**About this task**
Look through the entries below and count the lines with "Front" in them; the reply is the number alone.

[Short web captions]

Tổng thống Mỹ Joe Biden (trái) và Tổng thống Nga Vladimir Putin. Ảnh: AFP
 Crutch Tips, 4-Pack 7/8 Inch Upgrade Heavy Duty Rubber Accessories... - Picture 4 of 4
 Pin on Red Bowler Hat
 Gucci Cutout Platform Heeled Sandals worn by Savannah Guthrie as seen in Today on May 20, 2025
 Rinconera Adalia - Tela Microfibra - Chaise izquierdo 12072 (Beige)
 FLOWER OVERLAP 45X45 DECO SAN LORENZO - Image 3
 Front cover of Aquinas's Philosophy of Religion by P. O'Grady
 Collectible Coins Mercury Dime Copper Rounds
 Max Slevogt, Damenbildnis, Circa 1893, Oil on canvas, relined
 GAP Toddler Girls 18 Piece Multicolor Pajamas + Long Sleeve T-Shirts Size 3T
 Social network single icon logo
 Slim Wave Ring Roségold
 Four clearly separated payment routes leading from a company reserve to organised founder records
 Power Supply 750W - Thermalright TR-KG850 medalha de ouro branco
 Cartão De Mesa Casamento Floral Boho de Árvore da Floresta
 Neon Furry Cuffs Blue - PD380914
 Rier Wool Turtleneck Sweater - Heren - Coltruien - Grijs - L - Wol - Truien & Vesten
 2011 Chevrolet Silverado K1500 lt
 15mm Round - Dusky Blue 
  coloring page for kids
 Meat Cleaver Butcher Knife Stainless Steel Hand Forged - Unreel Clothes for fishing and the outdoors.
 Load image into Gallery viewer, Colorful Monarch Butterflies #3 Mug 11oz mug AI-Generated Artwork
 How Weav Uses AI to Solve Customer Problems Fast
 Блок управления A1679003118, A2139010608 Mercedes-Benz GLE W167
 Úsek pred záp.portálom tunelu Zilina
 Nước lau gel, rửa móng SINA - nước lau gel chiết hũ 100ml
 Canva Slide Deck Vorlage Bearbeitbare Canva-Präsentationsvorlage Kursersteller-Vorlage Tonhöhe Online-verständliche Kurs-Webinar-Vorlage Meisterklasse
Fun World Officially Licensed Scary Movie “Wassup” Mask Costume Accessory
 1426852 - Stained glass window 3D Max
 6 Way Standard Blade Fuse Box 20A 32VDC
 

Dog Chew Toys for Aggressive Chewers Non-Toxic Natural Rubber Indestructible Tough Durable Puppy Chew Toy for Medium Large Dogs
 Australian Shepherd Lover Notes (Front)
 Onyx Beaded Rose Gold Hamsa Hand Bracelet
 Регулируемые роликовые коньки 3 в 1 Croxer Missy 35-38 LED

**Solution to this exercise**
2